Segment Start: DATA EXCERPT

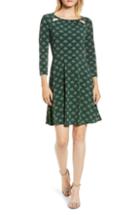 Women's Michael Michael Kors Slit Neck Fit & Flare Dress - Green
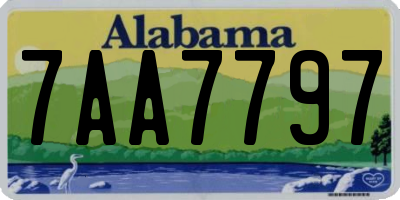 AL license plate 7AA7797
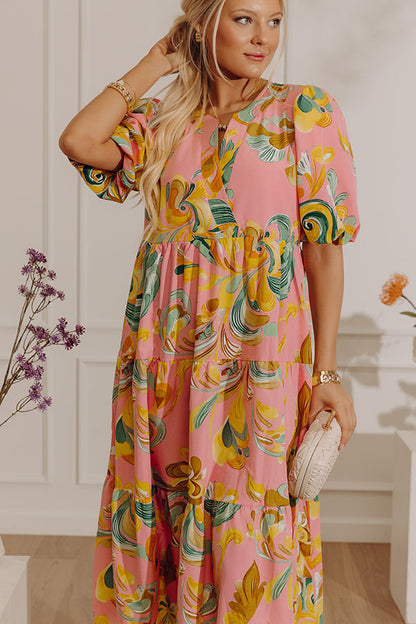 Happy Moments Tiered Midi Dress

Segment End: DATA EXCERPT

• _ACTIVITY_
Set down exactly, line for line, the data from the line that contains "AL license plate 7AA7797" through its last line, keeping pictures out.

• _YOUR RESPONSE_
 AL license plate 7AA7797
 Happy Moments Tiered Midi Dress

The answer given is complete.